-- Stored data --
BEGIN
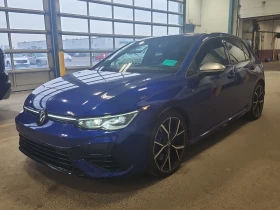 VW Golf ПАНО / ПРОГНОЗНА ЦЕНА до БГ - Car24.bg VW Golf ПАНО / ПРОГНОЗНА ЦЕНА до БГ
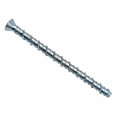 thumbnail image 1 of Masonmate Pêne à Vis en Béton Torx, 1 of 1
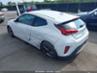 HYUNDAI VELOSTER 2.0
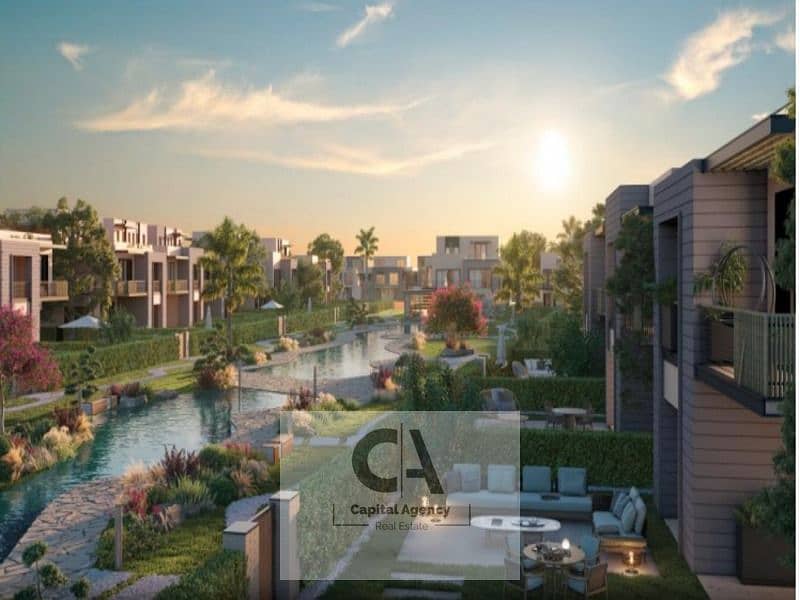 10 WhatsApp Image 2024-01-08 at 3.40. 01 PM. jpeg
END
-- What to produce --
Give every line above again exactly, with no pictures.

-- Completed exercise --
 VW Golf ПАНО / ПРОГНОЗНА ЦЕНА до БГ - Car24.bg VW Golf ПАНО / ПРОГНОЗНА ЦЕНА до БГ
 thumbnail image 1 of Masonmate Pêne à Vis en Béton Torx, 1 of 1
 HYUNDAI VELOSTER 2.0
 10 WhatsApp Image 2024-01-08 at 3.40. 01 PM. jpeg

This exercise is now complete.